1

I'm trying to find some primes with the Sieve of the greek guy algorithm. I have some efficiency concerns. Here's the code:

void check_if_prime(unsigned number)
{
    unsigned index = 0;
    while (primes[index] <= std::sqrt(number))
    {
        if (number % primes[index] == 0) return;
        ++index;
    }
    primes.push_back(number);
}

And, because I coded huge 2/3/5/7/11/13 prime wheel, the code is 5795 lines longs.

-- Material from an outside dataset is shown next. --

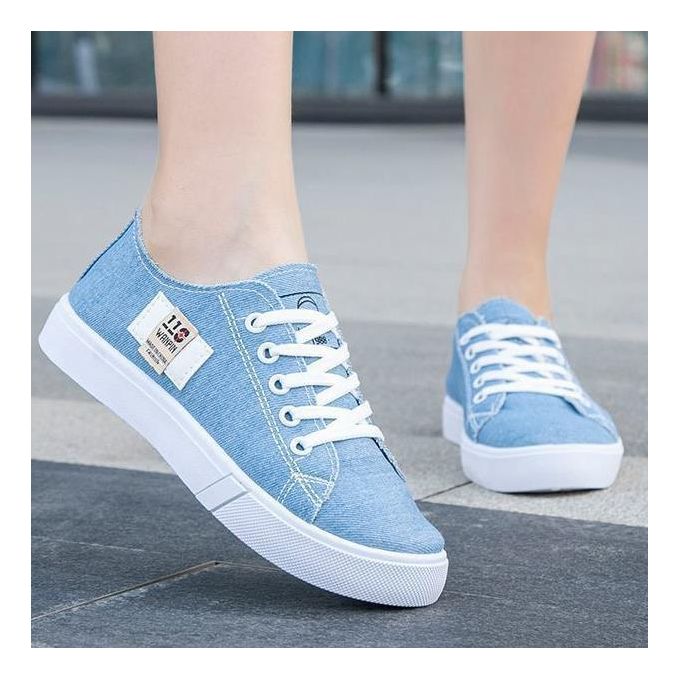 FUXING FASHION Chaussures femme, chaussures pour dames, baskets femme
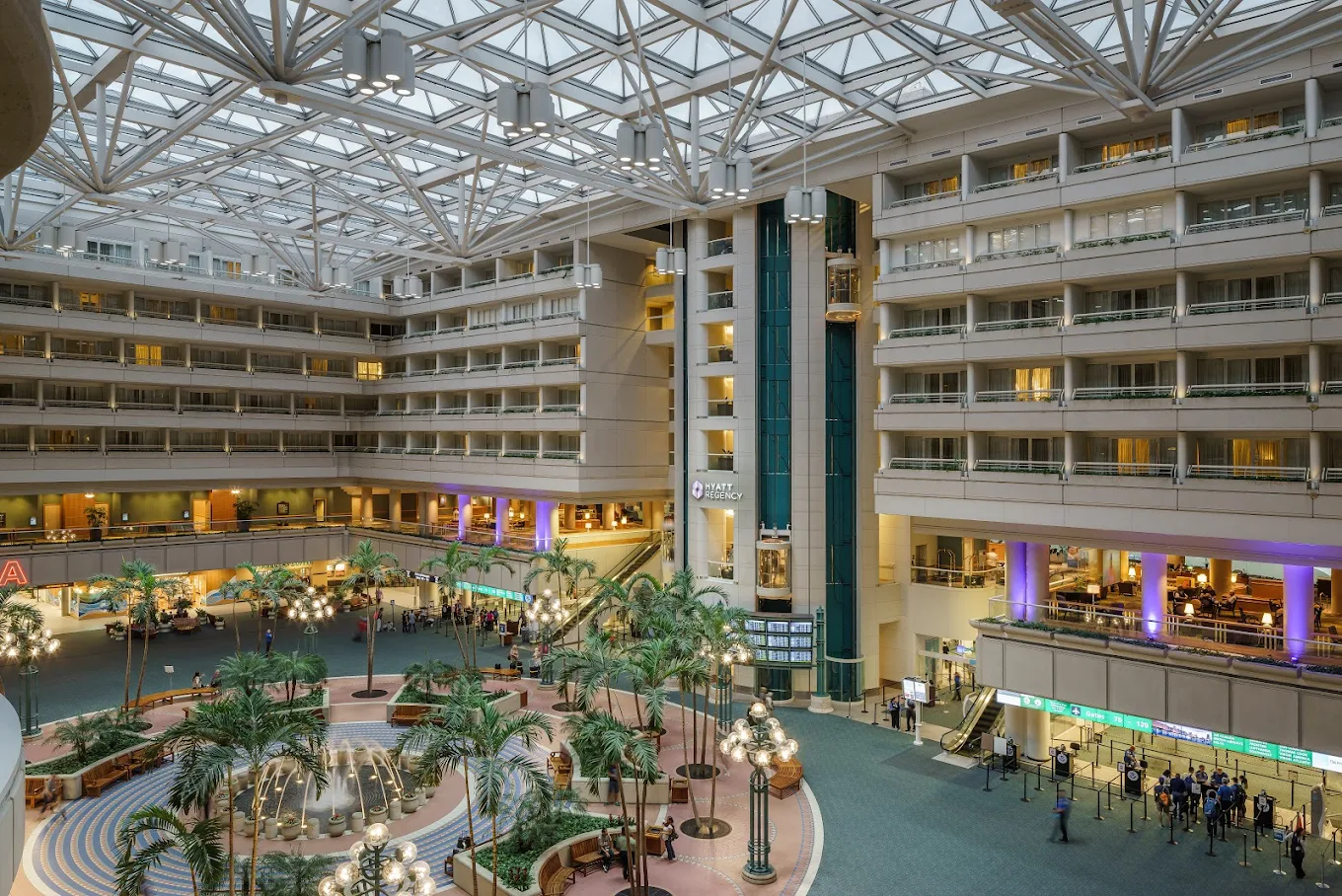 Hyatt Regency Orlando International Airport — розкіш і комфорт безпосередньо в аеропорту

for (unsigned i = 0; i < selection; ++i)
{
    unsigned multiple = i * 30030;
    if (i!=0) check_if_prime( multiple+1 );
    check_if_prime ( multiple+17 );
    check_if_prime ( multiple+19 );
    check_if_prime ( multiple+23 );
    // ...so on until 30029
}

Optimization flags: -O3, -fexpensive-optimizations, -march=pentium2

25 million primes in 20 minutes with CPU stuck at 50% (no idea why, tried real time priority but it didn't change much). Size of output text file is 256MB (going to change to binary later on).

  • Compilation takes ages! Is it okay? How can I make it faster without compromising efficiency?
  • Is that if statement at the start of for loop OK? I've read if statements take the longest.
  • Anything else concerning the code, not the algorithm? Anything to make it faster? What statements are faster than others?
  • Would even a bigger wheel (up to 510510, not just 30030, hell a lot of lines) compile within a day?

I want to find all primes up to 2^32 and little optimizations would save some hours and electricity. Thank you in advance!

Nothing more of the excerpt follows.